The album will be released in April. Soon after that will undoubtedly come a lonely summer night when it will shuffle through my stereo in serendipitous fashion, right when I need to hear it the most. I have an infinte capacity for for growing intimately attached to sad songs - as long as they're good and sad.
Posted by David Lowery at 3:19 PM
February 6, 2006
James produced The Outlaw Son for me, and, as I mentioned a while ago, I'm returning the favor for his next film, GDMF, which is currently scheduled to lens the last week of March.
Thus far, about all I've done to earn the credit is help James figure out what format he's going to shoot on with the amount of money he has to work with (we're thinking HDV now - which means that, since I'll be editing it, I'll have to upgrade to a G5 by then). I'm also designing a website. A temporary version of that is already up, actually, but I won't be happy with it until it's no longer in Flash (I've got to try to find time to learn CSS a little better; this blog needs an aesthetic upgrade, too).
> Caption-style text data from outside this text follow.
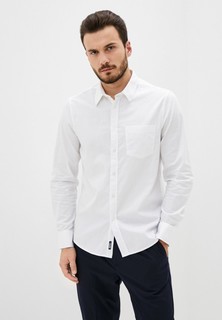 Рубашка Rifle 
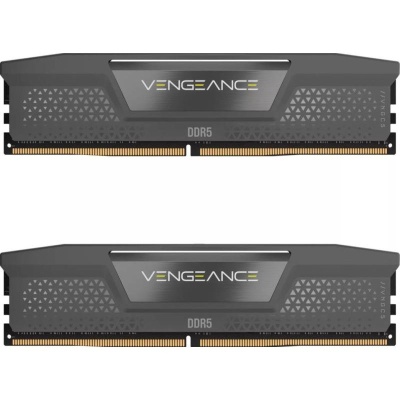 Memorie RAM Corsair Vengeance 32GB DDR5 6000MHz CL30 Kit of 2 - Img 3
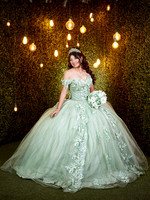 09 MARZO #7556 ELIZABETH LOPEZ ESQL9751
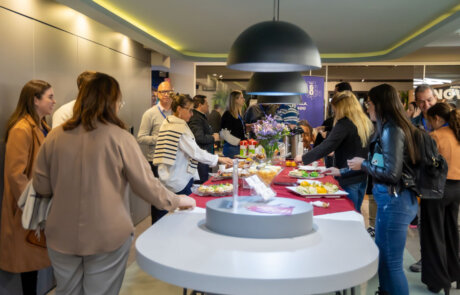 2025 – Cursos – VendaMais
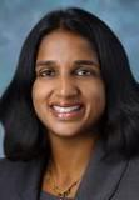 Dr. Uma Reddy, MD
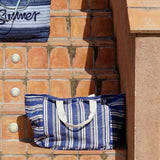 V10HADA1AF5D36A7D82DCB6E7D894CFF8A60R7711119P2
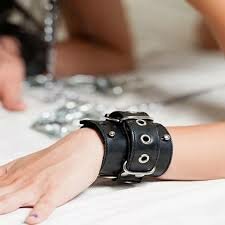 1955 LOS NIÑOS COMO OBJETOS SEXUALES 1955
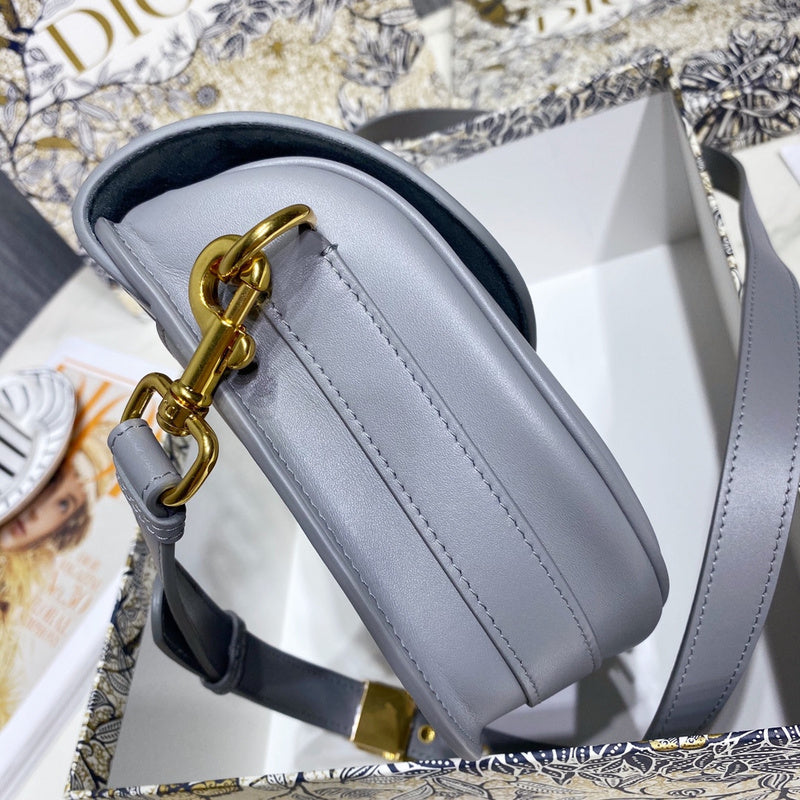 Satchel Bags - DOR Bags - 421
Last week, we joked about changing the acronymical title to BLAFD. If anyone can guess what that's a reference to, we'll put your name in the credits.
February 5, 2006
The first time I read the synopsis of Tommy Lee Jones' The Three Burials Of Melquiades Estrada, back when it was in production down in South Texas, I couldn't help but note that it sounded similar to McCarthy's The Crossing. When my mom and I saw the trailer in front of The New World a few weeks ago, she made the same comment. Manohla Dargis makes the specific comparison in her review; Roger Ebert doesn't mention that particular title, but he does reference Blood Meridian in his his piece (and goes on to note that the film has a tone similar to that other great piece of literature about transporting a corpse, Faulkner's As I Lay Dying).
The reason I so quickly connected The Three Burials to The Crossing (and not to McMurtry's Lonesome Dove, the wonderful adaptation of which also featured Tommy Lee Jones and a friend's body making a trek across the plains) is partially because I'm obsessed with McCarthy, but also because I knew Jones had been attached to direct an adaptation of Blood Meridian a few years ago, and that, more than likely, he was a fan. Sure enough, this new film of his plays like a spiritual adaptation of McCarthy's work; there are the specific details, such as the affair with the body and the refuge provided by a blind hermit, but those are fairly classical narrative devices. The prevailing kinship here is a thematic one; the film, like The Border Trilogy and Blood Meridian, pits the conflicts of men against the myth of the West; it digs up the raw truths buried within archetypes.
And because I love looking for this sort of substantiating connective tissue, I was of course thrilled when last week came the news that Jones is in talks to star in the Coens' adaptation of No Country For Old Men, which Scott Rudin (who would have overseen the Blood Meridian adaptation) is producing.
Jonathan Rosenbaum's review of the film has a line I like. After comparing the film's politics to Haneke's Cache, he writes that "Jones appears to trust narrative as a way to enlightenment, and Haneke doesn't."
Moving on to the Coen Brothers - if you didn't hear their Theater Of The New Ear radio play when it was broadcast last summer, you can download it in two parts here and here. It's their best work in years.
February 4, 2006
I've been obssessing, despairing, rejoicing, not noticing the sunrise!
Holding back, letting little bits slip...
Correlation: I'm supposed to be at this wedding in a few hours. I've got half a mind to bring my iPod and provide my own private soundtrack to the ceremony. Five or six years ago, that playlist might have consisted entirely of, say, the fifth track from the first Radiohead album. I guess I've grown up a little bit after all.